6. Teknik-Teknik Komunikasi Terapeutik
Supaya komunikasi yang kita lakukan dapat mencapai tujuan yang
diharapkan, seorang perawat harus menguasai teknik-teknik ber-
komunikasi agar terapeutik dan menggunakannya secara efektif pada saat
berinteraksi dengan klien. Berikut ini teknik komunikasi Stuart & Sundeen
(1998 dalam Anjaswarni, 2016):
a. Mendengarkan dengan penuh perhatian (listening)
Mendengarkan dengan penuh perhatian merupakan upaya untuk
mengerti seluruh pesan verbal dan nonverbal yang sedang
15
dikomunikasikan. Keterampilan mendengarkan dengan penuh
perhatian dapat ditunjukkan dengan sikap berikut:
1) Pandang klien ketika sedang bicara.
2) Pertahankan kontak mata yang memancarkan keinginan untuk
mendengarkan.
3) Hindarkan gerakan yang tidak perlu.
4) Anggukkan kepala jika klien membicarakan hal penting atau
memerlukan umpan balik.
5) Condongkan tubuh ke arah lawan bicara.

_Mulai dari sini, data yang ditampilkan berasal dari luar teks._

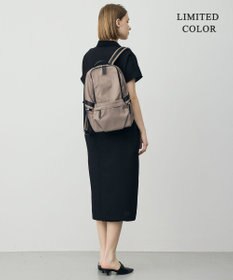 ICB 【A4サイズ収納可・撥水】８ポケットナイロンリュック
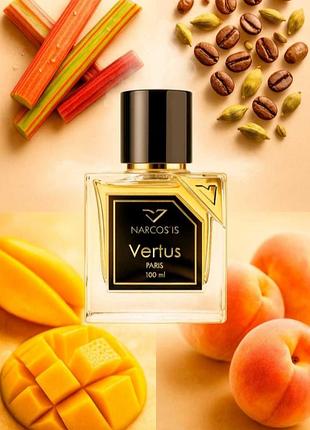 Розпив парфума vertus narcos'is. 5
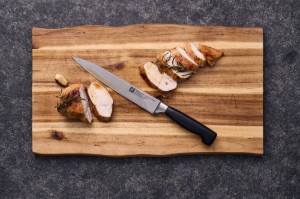 Cutit pentru feliat, 20cm, "TWIN Four Star" - Zwilling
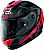 X-Lite X-903 Ultra Carbon Grand Tour N-Com, integral helmet Color: Black/Neon-Yellow Size: XXS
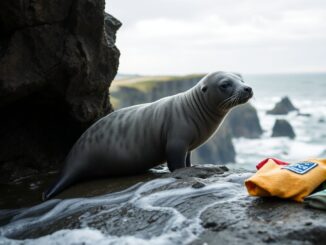 inspiring rescue and recovery the remarkable journey of a seal pup 1767831434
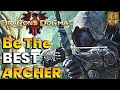 Dragons Dogma 2: Archer Guide BEST Skills Augments & Combat Build!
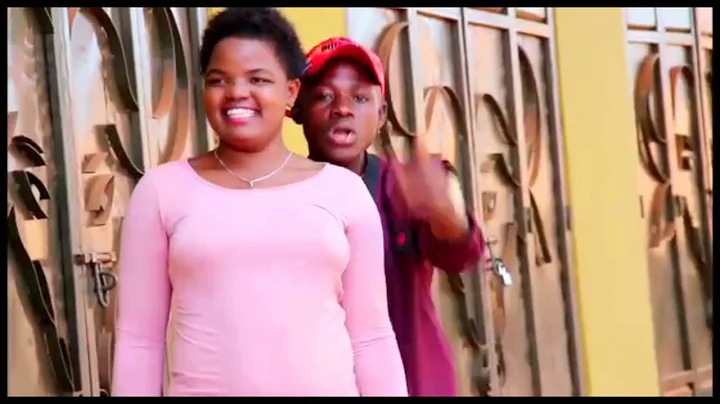 Justin Berry WANASEMA ( Official Video )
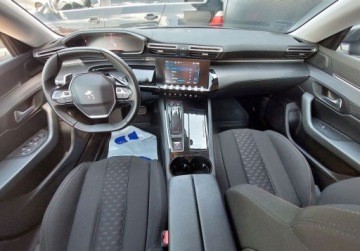 Peugeot 508 II Sedan 1.6 Puretech 180KM 2020 Peugeot 508 1.6 Active Pack SS EAT8 1.6 Benzyna 180KM, zdjęcie 11
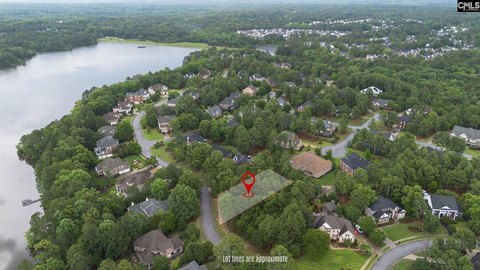 Residential Homesite Lot in Gated Community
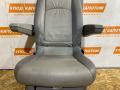 салон (комплект сидений) Mercedes-Benz Viano W639 2004, 3.2 л., M 112.951, бензин, АКПП, 9744 - эмаль серебр.брилл.метал, минивэн, задний привод - фото №12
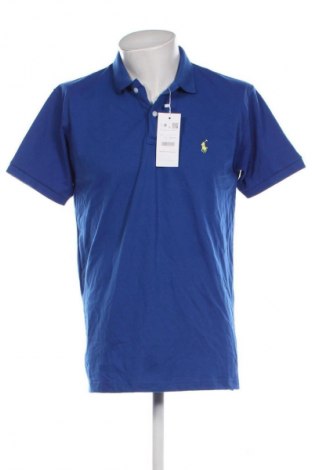 Herren T-Shirt Polo By Ralph Lauren, Größe XXL, Farbe Blau, Preis 122,99 €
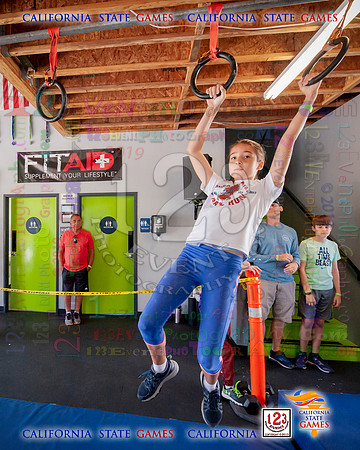 2019-07-14 CA STate Games Ninja Challenge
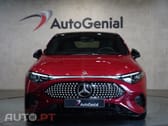 Mercedes-Benz CLA 250 com tecnologia EQ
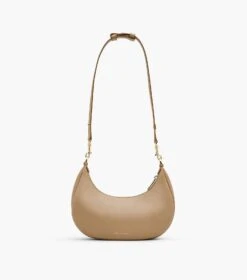 Marc Jacobs The Curve Bag CAMEL -Marc Jacobs MJI 2F3HSH072H01 230 F8F8F8 1 1 ALT3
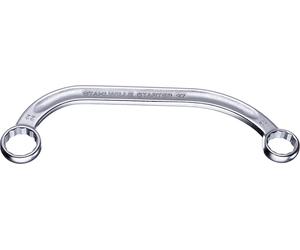 STAHLWILLE 41091618, acero cromado, 1 unidad, 130 g
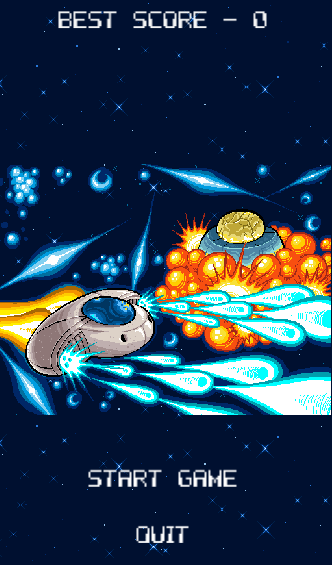 SpaceShooter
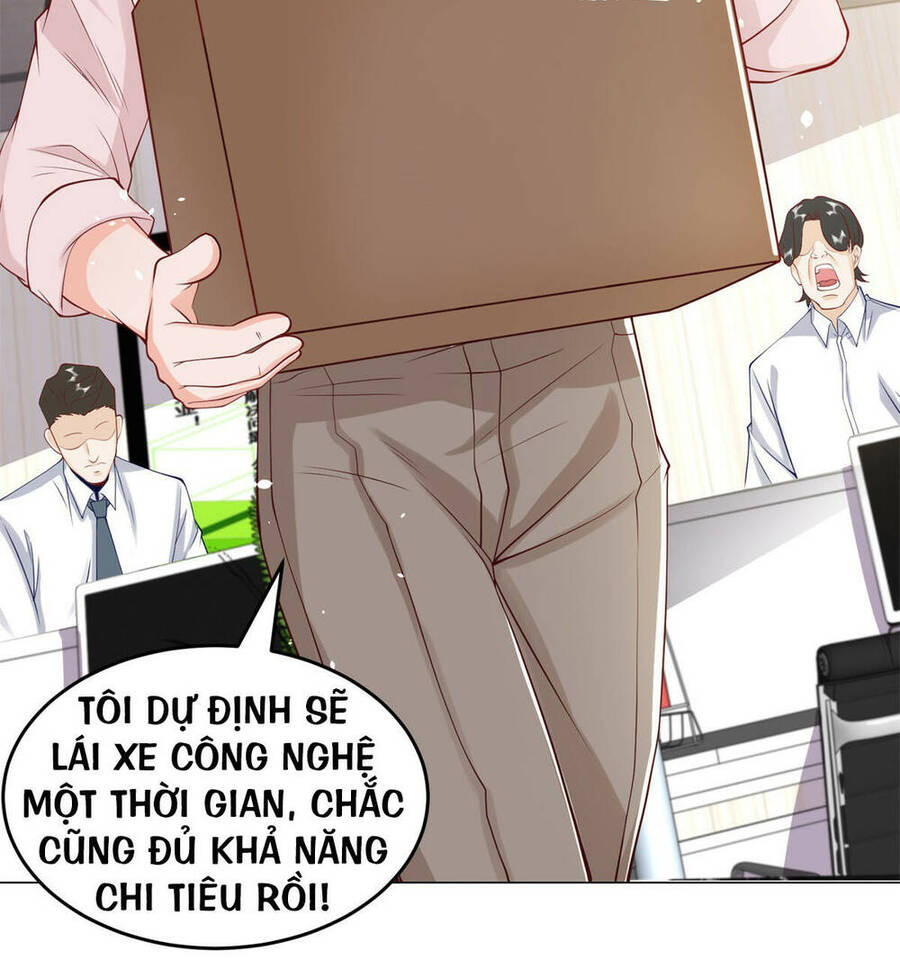 Tôi Là Tài Xế Xe Công Nghệ Có Chút Tiền Thì Đã Sao? Chapter 1 - 11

b. Menunjukkan penerimaan (accepting)
Menerima tidak berarti menyetujui. Menerima berarti bersedia
untuk mendengarkan orang lain, tanpa menunjukkan keraguan atau
tidak setuju. Tentu saja sebagai perawat kita tidak harus menerima
semua perilaku klien. Perawat sebaiknya menghindarkan ekspresi
wajah dan gerakan tubuh yang menunjukkan tidak setuju, seperti
mengerutkan kening atau menggelengkan kepala seakan tidak percaya.
Sikap perawat yang menunjukkan penerimaan dapat diidentifikasi
seperti perilaku berikut:
1) Mendengarkan tanpa memutuskan pembicaraan.
2) Memberikan umpan balik verbal yang menampakkan pengertian.
3) Memastikan bahwa isyarat nonverbal cocok dengan komunikasi
verbal.
16
4) Menghindarkan untuk berdebat, menghindarkan mengekspresikan
keraguan, atau menghindari untuk mengubah pikiran klien.
5) Perawat dapat menganggukan kepalanya atau berkata “ya” atau
“saya mengerti apa yang bapak-ibu inginkan”.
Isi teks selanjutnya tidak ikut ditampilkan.